Upload the generated jar to an S3 bucket you own and note down the jar
location (e.g s3n://<yourbucket>/<prefix>/logprocessor.jar).
You will be needing this location to run this using Amazon Elastic
MapReduce


=== Running the application using the Amazon Elastic MapReduce Web Console

Sign up for Amazon Elastic MapReduce (http://aws.amazon.com/elasticmapreduce/)
if you have not already done so. Login to the webconsole and follow the steps to
create a new JobFlow. Choose the CloudFront LogAnalyzer sample application in the 
JobFlow Wizard. This will pre fill the jar location and parameters with default
values that uses the jar and date in the public sample bucket. You can either go
with the defaults or  modify these values to use the jar file that you have 
uploaded and/or provide your cloudfront log files.

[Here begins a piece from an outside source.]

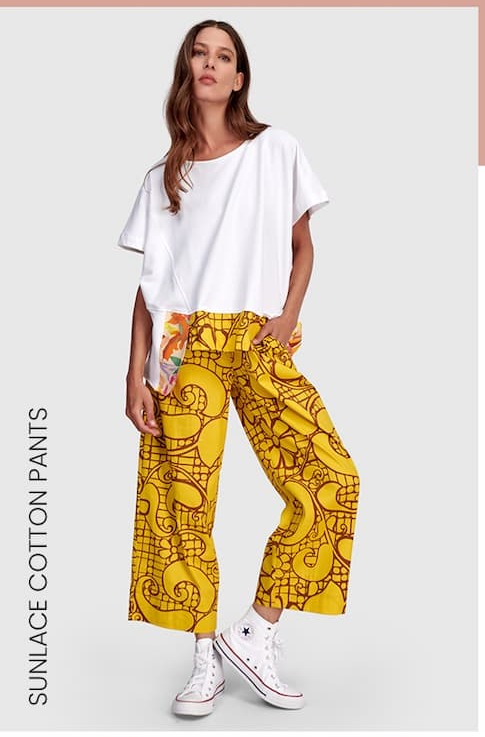 an image of a woman in a white shirt and yellow pants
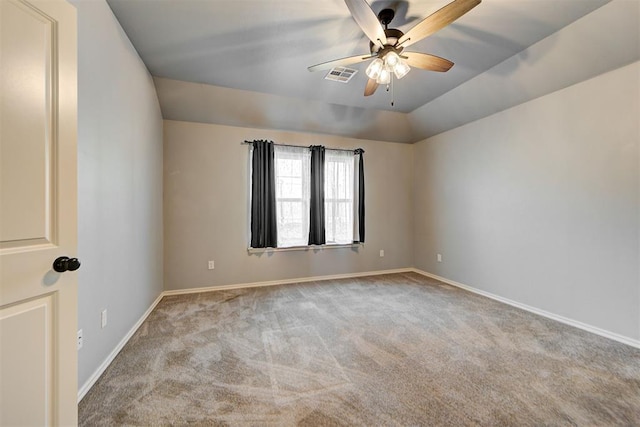 9021 NW 74th St, Yukon, OK 73099 - empty room with carpet, a ceiling fan, and vaulted ceiling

=== Running the application from the Ruby Client

Download the Amazon Elastic MapReduce Ruby Client from Resources -> Sample Code
and Librarues in http://aws.amazon.com/elasticmapreduce. Follow the instructions
provided to get it setup. The following command runs the CloudFront LogAnalyzer 
application wuth default parameters

  ./elastic-mapreduce --create --jar s3n://elasticmapreduce/samples/cloudfront/logprocessor.jar
  --args "-input,s3n://elasticmapreduce/samples/cloudfront/input,
  -output,s3n://<yourbucket>/<your-non-existant-path-to-output>" 

=== Jar Arguments

The application takes the following arguments. Use these arguments either from the console or from the 

  -input <path>  
      the s3 location of the cloudfront log files e.g s3n://mycloudfrontlogbucket/cloudfrontlogs

  -output 
     s3 location to which the reports get written to (e.g s3n://myoutputbucket/reports Note: It 
     is important that the subdirectory doesnt already exist)


  -start <start datetime in GMT formatted as yyyy-MM-dd-HH, Specify "any" to not constrain the start date> 
	(e.g 2009-02-01-01 => 1st February 2009, 01:00)(Defaults to "any")
  -end <end datetime in GMT formatted as yyyy-MM-dd-HH, Specify "any" to not constrain the end date> 
	(e.g 2009-03-31-23 => 31st March 2009, 23:00)(Defaults to "any")
  -timeBucket <time in seconds to group records by> 
        (Defaults to 300 seconds)
  -allReports 
        (If specified generates all the reports. Default behaviour is to generate all the reports)
  -clientIPReport 
        (If specified generates the Client IP Report)
  -objectPopularityReport 
        (If specified generates the Object Popularity Report)
  -overallVolumeReport 
        (If specified generates the Overall Volume Report)
  -edgeLocationReport 
        (If specified generates the Edege Location Report)

=== Accessing the generated reports

The generated reports can be found by downloading all the files in the
specified output path. The outputs are all tab delimted txt files. You
can safely ignore or delete the _runlogs_ directory in your output
path.